Fast forward a few years later, when these boys were in high school, their rambunctious years behind them, we noticed that they were coming to church less and less—not just youth group, but Sunday mornings, Sunday School, etc. So, when we saw their parents one morning after service, we asked them, “hey, where are your boys? We miss seeing them.”
And their mother looked at us sternly, as if we couldn’t understand, and informed us that they were too busy for church because of their school commitments, their need to keep up their grades, their involvement with extracurriculars, and so-on. In essence, she was telling us that they were only allowed or permitted to come to church if, and only if, they had given their all to everything outside of church first—if their homework was perfect, if their grades were in order, if their clubs permitted it, if their sports didn’t interfere. You see, their spiritual well-being meant nothing compared to their future here in this life.
Fast forward another few years, both of these boys are, in a worldly sense, now fine young men—the kind of people we celebrate in the world. One of them got into the Boston/Harvard joint program for pre-med that eventually led him into Harvard Medical School and one of the most prestigious fellowships in the world. And the other ended up at another school called the University of Pennsylvania, also for pre-med, after which he attended Columbia University for medical school.
But one summer, when they were visiting, and surprisingly attending our church one Sunday morning, I talked to them for a few minutes, and I asked them how they were doing spiritually? And both of them thought of my question for a moment, and like twins do, they looked at me at the same time and said, “You know, Stephen, we’re not sure that what we read in the Bible is true. We’re not sure if its claims are believable—I mean how can you know that these words you’re reading are believable?”
So, I asked them in response, “when was the last time they had dedicated time to reading their Bibles?” It had been years. “When was the last time they prayed?” It had been years. “When was the last time they attended church regularly and willingly?” It had been years. For them, God, Christianity, and religion, in general, only had a place in their life if, and only if, all the other things in their life were in order. So, I responded to them that the problem isn’t that they didn’t believe in the truth of the Bible—the problem was that in their minds they didn’t need that truth or the God that wrote it. In their minds, they wanted a reason not to believe it so that they could go on living however it was that they pleased.
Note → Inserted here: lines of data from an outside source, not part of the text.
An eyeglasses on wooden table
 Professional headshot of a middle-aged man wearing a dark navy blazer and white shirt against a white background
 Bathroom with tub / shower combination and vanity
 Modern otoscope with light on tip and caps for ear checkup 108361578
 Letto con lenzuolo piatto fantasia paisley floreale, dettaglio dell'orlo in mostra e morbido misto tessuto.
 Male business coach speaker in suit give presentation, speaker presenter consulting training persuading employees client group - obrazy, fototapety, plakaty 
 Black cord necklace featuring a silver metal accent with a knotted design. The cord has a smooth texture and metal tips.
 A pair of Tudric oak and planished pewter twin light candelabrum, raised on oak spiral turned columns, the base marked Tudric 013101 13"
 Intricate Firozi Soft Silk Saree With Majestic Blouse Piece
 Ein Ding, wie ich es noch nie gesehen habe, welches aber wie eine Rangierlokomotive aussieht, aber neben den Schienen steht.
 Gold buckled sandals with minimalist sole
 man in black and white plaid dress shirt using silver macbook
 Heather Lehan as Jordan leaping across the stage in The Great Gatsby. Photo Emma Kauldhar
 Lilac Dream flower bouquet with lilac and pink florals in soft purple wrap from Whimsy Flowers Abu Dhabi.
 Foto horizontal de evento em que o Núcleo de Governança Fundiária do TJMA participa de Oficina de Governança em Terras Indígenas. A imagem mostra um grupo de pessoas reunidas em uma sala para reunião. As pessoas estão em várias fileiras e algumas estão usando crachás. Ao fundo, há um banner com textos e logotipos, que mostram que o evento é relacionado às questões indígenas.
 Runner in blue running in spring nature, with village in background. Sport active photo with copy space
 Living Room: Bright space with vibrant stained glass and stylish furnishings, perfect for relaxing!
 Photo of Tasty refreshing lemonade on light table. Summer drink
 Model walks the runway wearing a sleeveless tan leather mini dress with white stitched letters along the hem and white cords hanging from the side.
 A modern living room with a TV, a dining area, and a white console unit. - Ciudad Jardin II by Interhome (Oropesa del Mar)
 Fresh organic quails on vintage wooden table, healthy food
TCCBC, we stand at the hilltop of Joshua looking down, this morning, at the different paths to tread, and with it comes a need to make a decision. It’s one that this book has commanded the original readers and us to make time and again. In fact, if I were to summarize the entire book into one proposition—one imperative—it would be the proposition we’re given this morning, which is that, in this life, we are to choose whom we will serve.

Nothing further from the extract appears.